The farmers reconnected the water, and the manager of the Lower Blyde Water Users' Association occupied the control room to ensure that the water could not be switched off again. The dispute centres around a 155km pipe network that was designed to replace existing canal infrastructure that had previously supplied water to the farmers.
The earth-lined canal system was highly inefficient, losing more than 60 percent of the water by the time it had been distributed to all the farmers. After the initially projected construction costs increased to R60 million, the Industrial
Development Corporation withdrew from the project on the grounds that it was not sustainable, and RMB stepped in with a R138 million loan, with interest now standing at about R200 million, to build the pipeline.
In the initial impact assessment for the pipeline, it was estimated that the cost of delivering the water through a pipeline would be R830 per hectare per year. To recover the costs of building the pipeline, the price of water delivery has now increased to over about R4000 per hectare per year.
According to Jurie van Vuren, manager of the Lower Blyde Water Users' Association, the cost of the water itself is only about R250/ha/yr. Many of the farmers say they cannot afford RMB's price, and last year entered into legal negotiations with RMB to negotiate a rate that is mutually beneficial. However, this process does not appear to be getting any results, and RMB cut the water off to three farmers in a test case on December 31, 2004.
The water was reconnected in January after urgent court appeals, and an interim agreement between RMB and the farmers to pay R2000/ha/yr. This interim agreement also appears to be unsatisfactory to RMB as they cut off the water a second time.
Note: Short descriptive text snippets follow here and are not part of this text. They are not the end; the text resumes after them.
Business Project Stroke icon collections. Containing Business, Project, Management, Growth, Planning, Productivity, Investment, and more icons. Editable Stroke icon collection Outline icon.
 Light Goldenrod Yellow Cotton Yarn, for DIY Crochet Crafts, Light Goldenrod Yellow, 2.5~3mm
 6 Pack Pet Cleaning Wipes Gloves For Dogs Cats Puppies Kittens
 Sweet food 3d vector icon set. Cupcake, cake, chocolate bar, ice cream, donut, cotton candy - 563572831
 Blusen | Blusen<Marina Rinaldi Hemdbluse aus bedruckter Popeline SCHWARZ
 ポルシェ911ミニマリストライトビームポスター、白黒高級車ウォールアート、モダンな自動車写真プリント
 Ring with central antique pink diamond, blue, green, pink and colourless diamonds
The issue went to the Supreme Court in Pretoria, where a judge heard the case on 15 March. He is expected to give a verdict on the matter this week. According to van Vuren, if the judgement goes against the farmers, RMB will be able to enforce any price on the transportation of the water. This would result in the loss of many jobs in the region.
Prior to the construction of the pipeline, the EIA (CSIR 1997) estimated that about 4000ha of land were cultivated using water from the canal system in 1997. It is now estimated that 6600ha are under cultivation, and there were plans in place to irrigate a further amount of land to grow sugarcane, if the cost of the water allowed it.